I started this blog when Mary Daly was that, "Mary Daly," the name of a writer, scholar, feminist philosopher whose ideas and writings revolutionized my life. The name of someone I only knew in books. She was not Mary, a woman, an embodied human being, who comes with the vastness of experiences that make up a whole person. She was a name that changed my life through her books.
And because I failed to see and engage her work within the context of her whole humanity - I foolishly felt the freedom to use her name as my blog address! Yes, it was out of love for her work and all the ways it impacted my life, but it is her name! And I failed to give it the respect it deserves, that she deserves as a human person whose name is her own.
So now what do I do?
First, I want to share what I have learned along the way as I have gotten to know Mary, as the Amazing and Elemental human being that she is. I remember posting after I saw Mary in person the first time - and the surrealness of the experience for me. Then I posted after the first time I talked to her on the phone as I responded to the possibility of working for her. And after that, I couldn't post anymore! Friends were asking me, "What happened with Mary Daly - did you get the job?" But I couldn't respond - why? Because after meeting, working with, and getting to know Mary - that she loves jelly filled munchkins from Dunkin Donuts, that she still gets emotionally affected at the mention of Audre Lorde, that she reads the newspaper avidly, and loves Frappucinos! - I realized that the way I had blogged and talked about her before was objectifying. I was not referring to her as a whole human being - I wrote and talked about her as a phenomenon to oooh and aaaah over. As a result, that is also how my friends would ask me about her :-( And I felt terrible! I didn't want to talk about her like that anymore - or anyone else for that matter.
But I learned a lesson.
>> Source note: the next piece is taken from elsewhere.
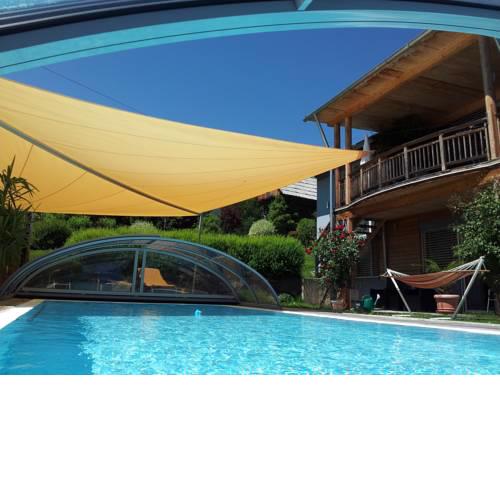 Villa Bellavista
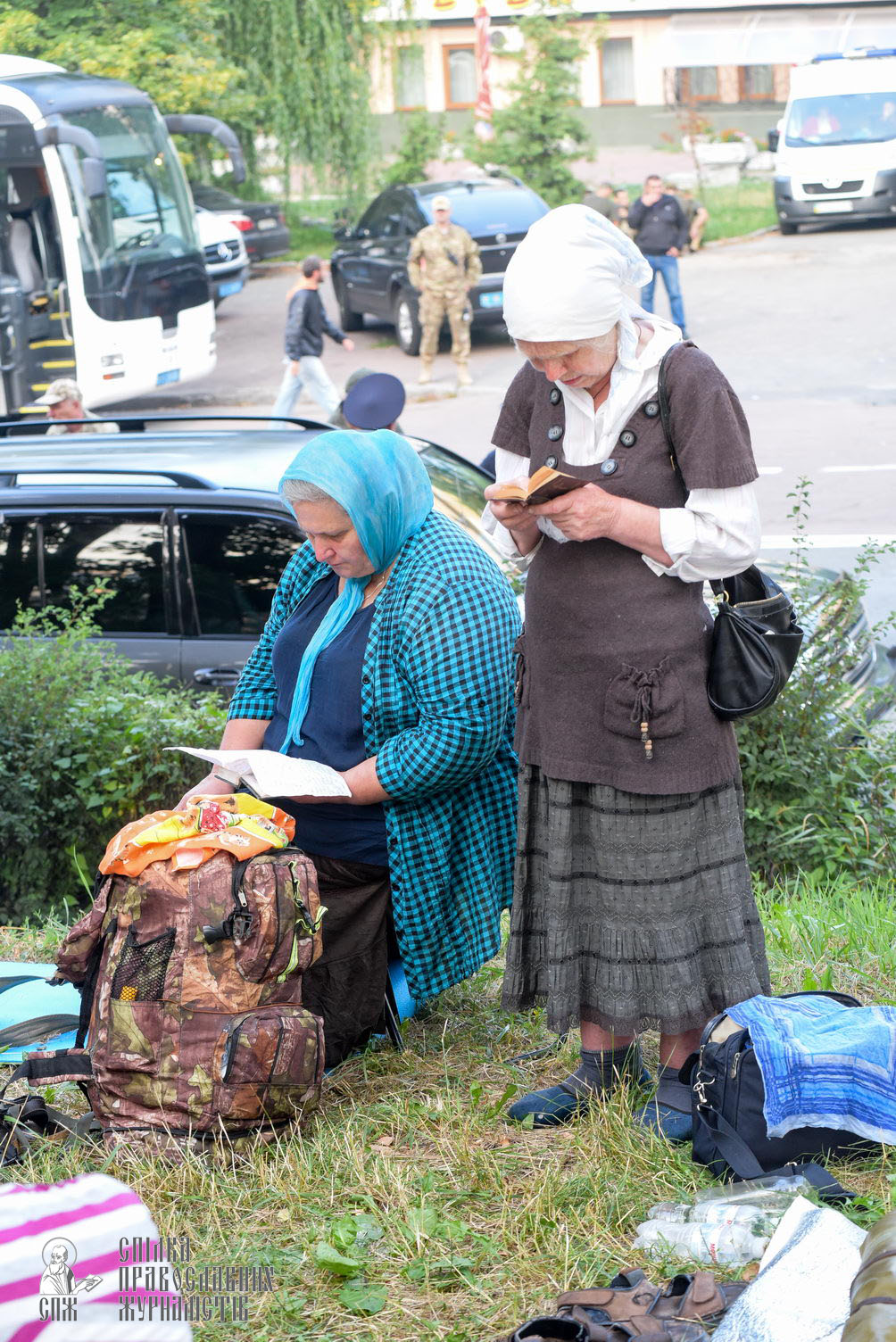 easter_procession_ukraine_chernobil_0002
It's basic, and now so obvious to me that I am a little embarrassed it took me so long to learn. Too often we/I engage a text (any particular writer's work) as an abstraction, an object to be analyzed, scrutinized, critiqued, and sometimes deconstructed - we're actually taught to do this as academics. But as a result, I think we also end up doing this to the writer, the human in the text, themselves. Do we realized that there is a person, a whole and complete human being, with all the complexities and experiences that that entails, behind this text, in the text? A person has given of their time, their thoughts, their emotions and experiences - they give of their very self - in order to offer us something they find meaningful and valuable and worth sharing with us! Do we, can we, engage each other's work with the respect and generosity of spirit that it deserves? We can and we should!
Now... do I change my blog address??